======== Extracted records
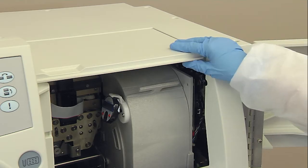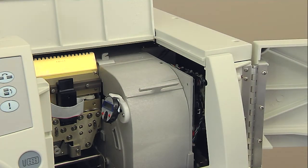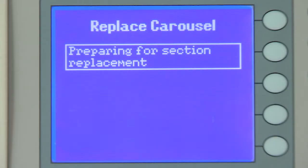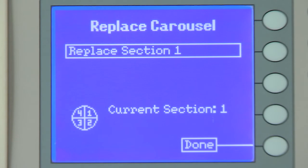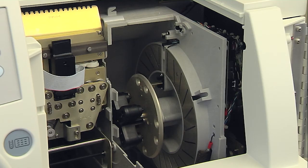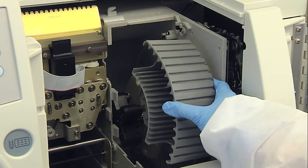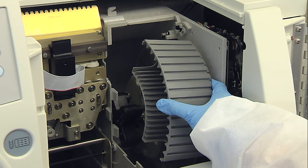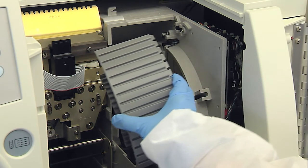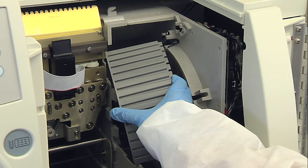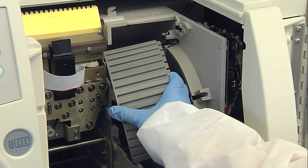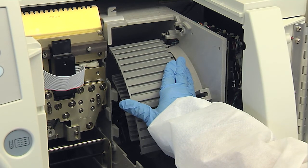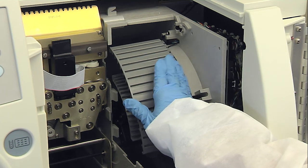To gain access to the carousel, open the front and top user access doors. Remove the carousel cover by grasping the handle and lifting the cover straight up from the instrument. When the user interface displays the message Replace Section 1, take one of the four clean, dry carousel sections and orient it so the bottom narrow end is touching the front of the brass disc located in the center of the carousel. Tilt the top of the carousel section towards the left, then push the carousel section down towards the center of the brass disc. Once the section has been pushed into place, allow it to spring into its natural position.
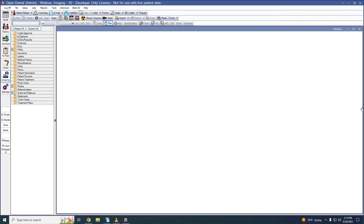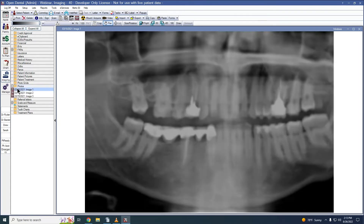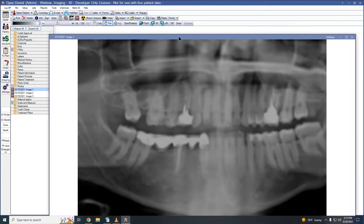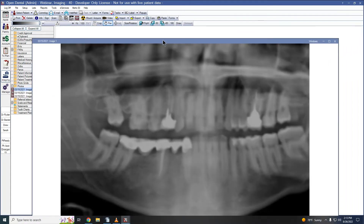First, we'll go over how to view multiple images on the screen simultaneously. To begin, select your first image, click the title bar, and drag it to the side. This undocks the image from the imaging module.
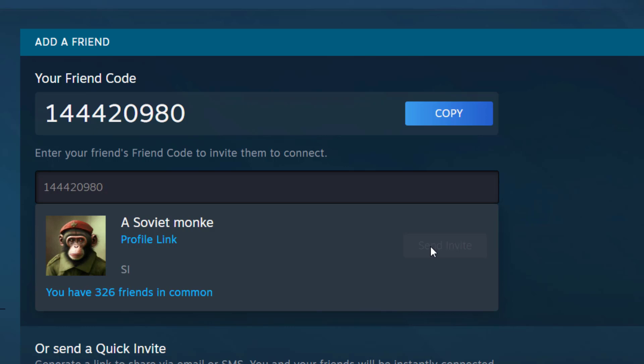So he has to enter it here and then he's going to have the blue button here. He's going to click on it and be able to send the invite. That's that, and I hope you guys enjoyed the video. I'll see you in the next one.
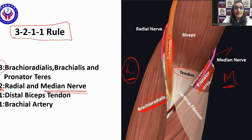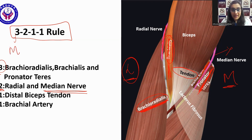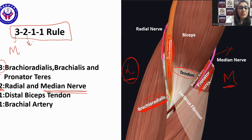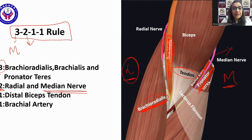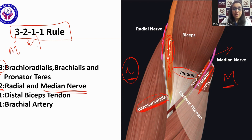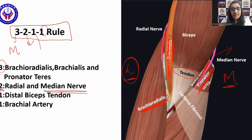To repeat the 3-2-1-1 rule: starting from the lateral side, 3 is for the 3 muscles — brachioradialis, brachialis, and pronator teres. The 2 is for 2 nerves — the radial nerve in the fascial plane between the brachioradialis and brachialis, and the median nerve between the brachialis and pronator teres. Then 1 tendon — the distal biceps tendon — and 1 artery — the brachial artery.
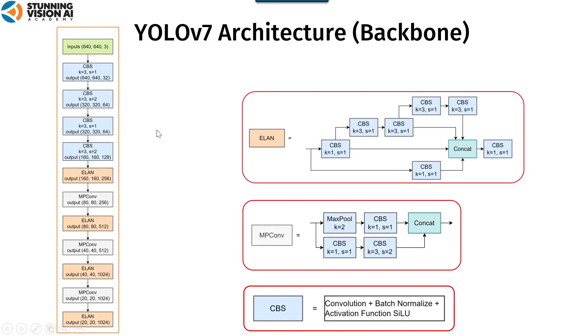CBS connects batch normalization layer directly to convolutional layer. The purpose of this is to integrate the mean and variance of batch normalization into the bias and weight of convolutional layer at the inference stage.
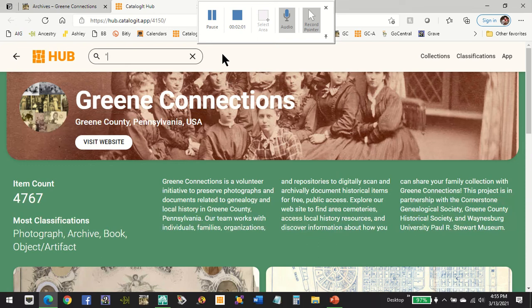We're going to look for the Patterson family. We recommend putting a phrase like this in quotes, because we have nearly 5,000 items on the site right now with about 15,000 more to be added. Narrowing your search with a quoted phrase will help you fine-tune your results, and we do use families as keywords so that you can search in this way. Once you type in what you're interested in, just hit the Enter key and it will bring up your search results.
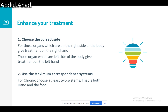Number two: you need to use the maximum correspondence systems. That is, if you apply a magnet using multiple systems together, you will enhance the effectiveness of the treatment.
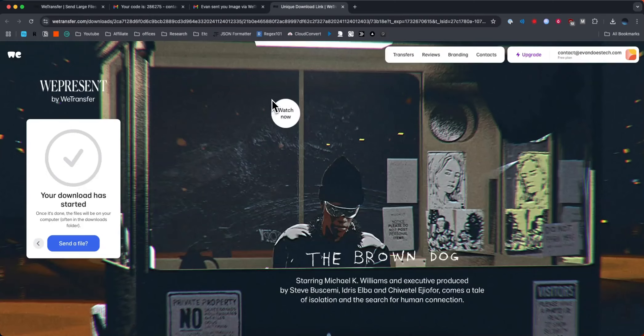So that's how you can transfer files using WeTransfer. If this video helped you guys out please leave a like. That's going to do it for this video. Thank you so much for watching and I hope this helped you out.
================
# [Problem requirements]
Reproduce every record verbatim, please. Omit the images.

# [Response area]
To gain access to the carousel, open the front and top user access doors. Remove the carousel cover by grasping the handle and lifting the cover straight up from the instrument. When the user interface displays the message Replace Section 1, take one of the four clean, dry carousel sections and orient it so the bottom narrow end is touching the front of the brass disc located in the center of the carousel. Tilt the top of the carousel section towards the left, then push the carousel section down towards the center of the brass disc. Once the section has been pushed into place, allow it to spring into its natural position.
First, we'll go over how to view multiple images on the screen simultaneously. To begin, select your first image, click the title bar, and drag it to the side. This undocks the image from the imaging module.
So he has to enter it here and then he's going to have the blue button here. He's going to click on it and be able to send the invite. That's that, and I hope you guys enjoyed the video. I'll see you in the next one.
To repeat the 3-2-1-1 rule: starting from the lateral side, 3 is for the 3 muscles — brachioradialis, brachialis, and pronator teres. The 2 is for 2 nerves — the radial nerve in the fascial plane between the brachioradialis and brachialis, and the median nerve between the brachialis and pronator teres. Then 1 tendon — the distal biceps tendon — and 1 artery — the brachial artery.
CBS connects batch normalization layer directly to convolutional layer. The purpose of this is to integrate the mean and variance of batch normalization into the bias and weight of convolutional layer at the inference stage.
We're going to look for the Patterson family. We recommend putting a phrase like this in quotes, because we have nearly 5,000 items on the site right now with about 15,000 more to be added. Narrowing your search with a quoted phrase will help you fine-tune your results, and we do use families as keywords so that you can search in this way. Once you type in what you're interested in, just hit the Enter key and it will bring up your search results.
Number two: you need to use the maximum correspondence systems. That is, if you apply a magnet using multiple systems together, you will enhance the effectiveness of the treatment.
So that's how you can transfer files using WeTransfer. If this video helped you guys out please leave a like. That's going to do it for this video. Thank you so much for watching and I hope this helped you out.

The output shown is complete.